Lift every line from the entries that includes the word "Holiday".

== Provided records ==
== == ==
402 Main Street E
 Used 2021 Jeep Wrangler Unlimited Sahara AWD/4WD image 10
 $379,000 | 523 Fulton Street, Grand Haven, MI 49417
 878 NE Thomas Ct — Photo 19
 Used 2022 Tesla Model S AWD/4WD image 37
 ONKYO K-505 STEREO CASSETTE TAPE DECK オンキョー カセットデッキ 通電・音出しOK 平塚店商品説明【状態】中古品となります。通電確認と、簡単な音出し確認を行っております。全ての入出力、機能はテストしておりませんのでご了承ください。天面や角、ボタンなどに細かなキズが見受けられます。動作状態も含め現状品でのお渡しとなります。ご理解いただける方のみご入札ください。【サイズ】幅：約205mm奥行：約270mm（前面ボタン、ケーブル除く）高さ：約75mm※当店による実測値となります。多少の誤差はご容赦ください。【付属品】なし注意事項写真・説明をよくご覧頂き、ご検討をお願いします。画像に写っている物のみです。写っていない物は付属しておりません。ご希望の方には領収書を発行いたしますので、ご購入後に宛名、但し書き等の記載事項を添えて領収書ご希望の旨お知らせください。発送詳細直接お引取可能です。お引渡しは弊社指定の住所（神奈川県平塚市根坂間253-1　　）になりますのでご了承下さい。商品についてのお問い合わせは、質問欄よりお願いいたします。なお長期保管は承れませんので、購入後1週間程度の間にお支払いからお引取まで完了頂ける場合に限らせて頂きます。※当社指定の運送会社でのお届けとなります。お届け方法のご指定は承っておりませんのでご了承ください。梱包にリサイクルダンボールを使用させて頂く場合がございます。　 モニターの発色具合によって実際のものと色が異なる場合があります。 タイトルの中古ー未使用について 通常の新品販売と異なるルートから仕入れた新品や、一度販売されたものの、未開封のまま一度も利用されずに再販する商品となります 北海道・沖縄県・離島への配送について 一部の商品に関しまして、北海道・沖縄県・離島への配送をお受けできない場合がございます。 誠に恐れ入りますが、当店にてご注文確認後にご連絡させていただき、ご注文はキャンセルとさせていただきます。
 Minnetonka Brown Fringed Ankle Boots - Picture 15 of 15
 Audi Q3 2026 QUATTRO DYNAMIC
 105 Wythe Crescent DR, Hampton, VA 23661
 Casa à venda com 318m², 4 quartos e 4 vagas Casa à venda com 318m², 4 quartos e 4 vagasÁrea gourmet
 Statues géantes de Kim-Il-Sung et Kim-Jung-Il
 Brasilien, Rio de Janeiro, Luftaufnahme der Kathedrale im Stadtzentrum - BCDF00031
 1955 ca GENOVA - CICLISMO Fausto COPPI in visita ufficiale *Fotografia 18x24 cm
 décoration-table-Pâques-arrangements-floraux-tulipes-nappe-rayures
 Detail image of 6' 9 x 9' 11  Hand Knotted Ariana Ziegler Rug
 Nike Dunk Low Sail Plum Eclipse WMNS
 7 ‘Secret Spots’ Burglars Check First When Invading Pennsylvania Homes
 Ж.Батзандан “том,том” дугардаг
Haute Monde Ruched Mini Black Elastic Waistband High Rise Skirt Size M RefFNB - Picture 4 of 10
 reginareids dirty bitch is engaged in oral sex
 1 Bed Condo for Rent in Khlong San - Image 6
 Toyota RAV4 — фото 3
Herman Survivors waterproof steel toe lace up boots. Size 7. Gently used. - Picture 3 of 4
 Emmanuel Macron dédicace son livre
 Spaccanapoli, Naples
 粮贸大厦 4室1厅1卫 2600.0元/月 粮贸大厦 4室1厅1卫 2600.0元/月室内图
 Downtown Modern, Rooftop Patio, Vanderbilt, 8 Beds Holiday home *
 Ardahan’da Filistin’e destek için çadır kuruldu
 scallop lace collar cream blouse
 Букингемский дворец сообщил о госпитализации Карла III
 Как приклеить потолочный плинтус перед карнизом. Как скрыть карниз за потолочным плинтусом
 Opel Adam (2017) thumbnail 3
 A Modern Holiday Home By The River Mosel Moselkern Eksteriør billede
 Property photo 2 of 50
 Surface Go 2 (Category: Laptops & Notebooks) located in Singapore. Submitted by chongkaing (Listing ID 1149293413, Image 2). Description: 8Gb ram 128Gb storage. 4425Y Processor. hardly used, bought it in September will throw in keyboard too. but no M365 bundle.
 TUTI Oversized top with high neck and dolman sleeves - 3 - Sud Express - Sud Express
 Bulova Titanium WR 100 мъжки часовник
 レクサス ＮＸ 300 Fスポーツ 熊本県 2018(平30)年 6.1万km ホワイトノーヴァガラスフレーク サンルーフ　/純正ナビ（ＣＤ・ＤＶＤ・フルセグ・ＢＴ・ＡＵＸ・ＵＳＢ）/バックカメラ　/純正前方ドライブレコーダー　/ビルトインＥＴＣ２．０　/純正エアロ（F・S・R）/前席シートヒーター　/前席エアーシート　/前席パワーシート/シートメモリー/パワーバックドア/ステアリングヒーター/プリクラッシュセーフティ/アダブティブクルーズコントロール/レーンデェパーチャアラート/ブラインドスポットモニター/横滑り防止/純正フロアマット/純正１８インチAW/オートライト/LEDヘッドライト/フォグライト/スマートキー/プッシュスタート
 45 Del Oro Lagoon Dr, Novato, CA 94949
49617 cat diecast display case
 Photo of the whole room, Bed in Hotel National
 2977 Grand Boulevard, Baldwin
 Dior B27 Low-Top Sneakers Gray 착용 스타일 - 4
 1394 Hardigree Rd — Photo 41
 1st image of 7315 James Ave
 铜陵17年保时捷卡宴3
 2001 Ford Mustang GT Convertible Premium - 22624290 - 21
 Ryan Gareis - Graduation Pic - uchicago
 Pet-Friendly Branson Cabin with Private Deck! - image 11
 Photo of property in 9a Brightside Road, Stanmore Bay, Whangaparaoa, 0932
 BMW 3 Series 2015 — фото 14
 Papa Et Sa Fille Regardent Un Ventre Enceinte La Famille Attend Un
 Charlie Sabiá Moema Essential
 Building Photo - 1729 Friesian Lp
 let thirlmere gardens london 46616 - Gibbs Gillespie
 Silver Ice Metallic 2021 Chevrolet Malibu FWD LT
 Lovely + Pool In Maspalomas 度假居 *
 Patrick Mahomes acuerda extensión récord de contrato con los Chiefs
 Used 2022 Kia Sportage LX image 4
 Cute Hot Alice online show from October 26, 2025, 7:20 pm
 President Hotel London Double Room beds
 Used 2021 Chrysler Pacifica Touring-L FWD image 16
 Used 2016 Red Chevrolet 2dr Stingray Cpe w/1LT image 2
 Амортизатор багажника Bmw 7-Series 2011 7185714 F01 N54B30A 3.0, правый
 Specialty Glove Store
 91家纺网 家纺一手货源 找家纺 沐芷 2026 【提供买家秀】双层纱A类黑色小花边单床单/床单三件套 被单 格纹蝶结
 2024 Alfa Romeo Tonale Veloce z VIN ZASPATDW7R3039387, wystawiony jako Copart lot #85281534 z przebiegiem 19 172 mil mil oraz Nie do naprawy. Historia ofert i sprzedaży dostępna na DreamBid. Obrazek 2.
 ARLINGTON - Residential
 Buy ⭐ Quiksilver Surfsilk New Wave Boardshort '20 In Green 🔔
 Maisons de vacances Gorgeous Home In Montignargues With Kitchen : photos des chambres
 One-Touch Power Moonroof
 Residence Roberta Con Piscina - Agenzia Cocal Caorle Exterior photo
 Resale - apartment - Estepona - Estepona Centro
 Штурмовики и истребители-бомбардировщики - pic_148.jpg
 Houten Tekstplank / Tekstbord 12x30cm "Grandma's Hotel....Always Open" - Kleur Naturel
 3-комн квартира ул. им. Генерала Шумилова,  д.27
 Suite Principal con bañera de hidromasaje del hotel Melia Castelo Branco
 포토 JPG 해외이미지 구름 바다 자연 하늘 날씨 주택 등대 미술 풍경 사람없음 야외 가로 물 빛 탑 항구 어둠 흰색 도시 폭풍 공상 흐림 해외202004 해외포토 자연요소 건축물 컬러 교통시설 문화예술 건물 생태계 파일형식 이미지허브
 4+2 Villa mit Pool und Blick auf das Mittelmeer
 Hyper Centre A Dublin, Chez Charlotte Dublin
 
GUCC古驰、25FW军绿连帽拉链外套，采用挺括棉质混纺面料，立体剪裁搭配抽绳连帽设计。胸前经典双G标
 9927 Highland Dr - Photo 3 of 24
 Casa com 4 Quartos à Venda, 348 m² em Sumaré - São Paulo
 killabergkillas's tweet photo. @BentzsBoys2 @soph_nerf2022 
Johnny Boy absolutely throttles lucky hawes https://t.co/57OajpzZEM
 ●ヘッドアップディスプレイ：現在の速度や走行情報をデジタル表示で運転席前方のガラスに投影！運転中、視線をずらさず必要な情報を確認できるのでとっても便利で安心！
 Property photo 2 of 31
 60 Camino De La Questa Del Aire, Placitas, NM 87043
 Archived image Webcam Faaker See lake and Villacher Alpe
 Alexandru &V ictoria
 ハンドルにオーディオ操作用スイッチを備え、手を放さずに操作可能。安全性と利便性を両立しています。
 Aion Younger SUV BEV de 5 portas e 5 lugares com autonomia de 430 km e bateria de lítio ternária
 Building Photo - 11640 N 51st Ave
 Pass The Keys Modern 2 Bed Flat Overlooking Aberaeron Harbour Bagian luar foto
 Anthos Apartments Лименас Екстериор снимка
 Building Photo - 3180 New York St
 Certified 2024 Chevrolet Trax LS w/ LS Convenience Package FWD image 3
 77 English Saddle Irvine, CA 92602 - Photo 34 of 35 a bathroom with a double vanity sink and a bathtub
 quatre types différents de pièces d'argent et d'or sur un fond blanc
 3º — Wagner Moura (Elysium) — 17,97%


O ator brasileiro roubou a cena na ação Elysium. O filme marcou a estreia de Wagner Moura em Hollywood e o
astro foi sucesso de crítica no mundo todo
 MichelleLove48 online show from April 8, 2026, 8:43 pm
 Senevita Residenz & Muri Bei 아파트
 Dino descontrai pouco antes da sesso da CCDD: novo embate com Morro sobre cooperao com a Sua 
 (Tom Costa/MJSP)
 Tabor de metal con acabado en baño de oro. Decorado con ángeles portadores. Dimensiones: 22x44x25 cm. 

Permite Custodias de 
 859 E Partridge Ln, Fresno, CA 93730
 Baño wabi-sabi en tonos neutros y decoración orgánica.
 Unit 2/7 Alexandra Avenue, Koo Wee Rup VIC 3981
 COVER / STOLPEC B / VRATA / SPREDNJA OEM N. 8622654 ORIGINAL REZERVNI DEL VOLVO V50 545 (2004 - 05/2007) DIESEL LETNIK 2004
== == ==
== Exercise answer ==
 Downtown Modern, Rooftop Patio, Vanderbilt, 8 Beds Holiday home *
 A Modern Holiday Home By The River Mosel Moselkern Eksteriør billede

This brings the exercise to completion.